Wilhelmenia Wiggins Fernandez and Frédéric Andréi in Jean-Jacques Beineix's Diva (1981), photo by Dominique Le Strat, courtesy of Rialto Pictures

One of the first things actors and directors learn about constructing a performance together is to build it through a character’s wants or objectives. In this method, conflict is built through a character’s opposing needs. In the dramatic performance, the answer to desire is action. Often, a set of character’s actions clash, which generates still more choices to be made. Action is the substance of the performance, and desire structures the dramatic. With finality, when there is no desire left to answer, no conflict remaining, the story ends. 

It’s telling that Western philosophy argues for the construction of self in much the same way. Foundations of European philosophy describe the self as a set of shifting perceptions, which become the visible self we are assumed to be. 

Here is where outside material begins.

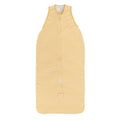 Yellow and white striped baby sleeping bag on a white background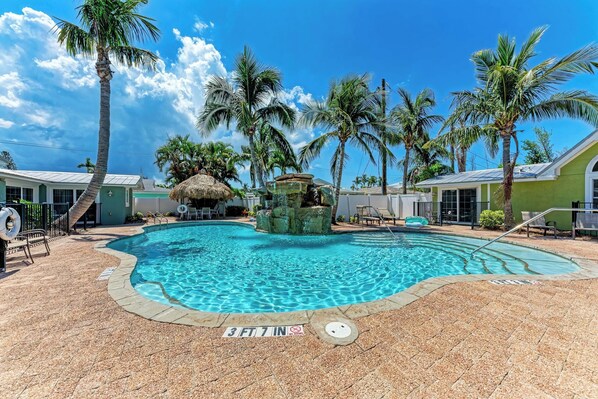 A swimming pool with a 3 ft 7 in depth marker, surrounded by palm trees and lounge chairs.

In seeking a throughline of Black women’s arguments in philosophy on the self, I have looked to artist Adrian Piper’s scholarly writing. In her writing on the self, Piper notes a subset of desires, urgent and present, but which never surface. How do these inconclusive desires construct, if at all, our realities? 


Video still from 10:28,30 by Paige Taul, courtesy of Canyon Cinema

Refusal has long been a central aesthetic strategy for Black women in navigating visibility in art and narrative. It is a central preoccupation in my own work as a filmmaker and artist. 

The films presented in this series, each in their own way, argue the utility of absence in aesthetics. There’s a nuance to refusal and its resulting absences that I want to get at—that which is not actualized is also infinite in its possibilities. In this series, absence is a signifier of the infinite self, unspoken but also unrestrained by the systems we are surviving. 

The actors arrive on stage. No action is performed. The fact of the actors’ bodies implies the dramatic without ever achieving it. The dramatic course in this case is really a set of possibilities with no beginning and no end. A desire refused is never answered, and so it never dies. It can’t be seen, but we know it’s there, and it’s a part of us. 

What happens after the denial of visibility? Everything.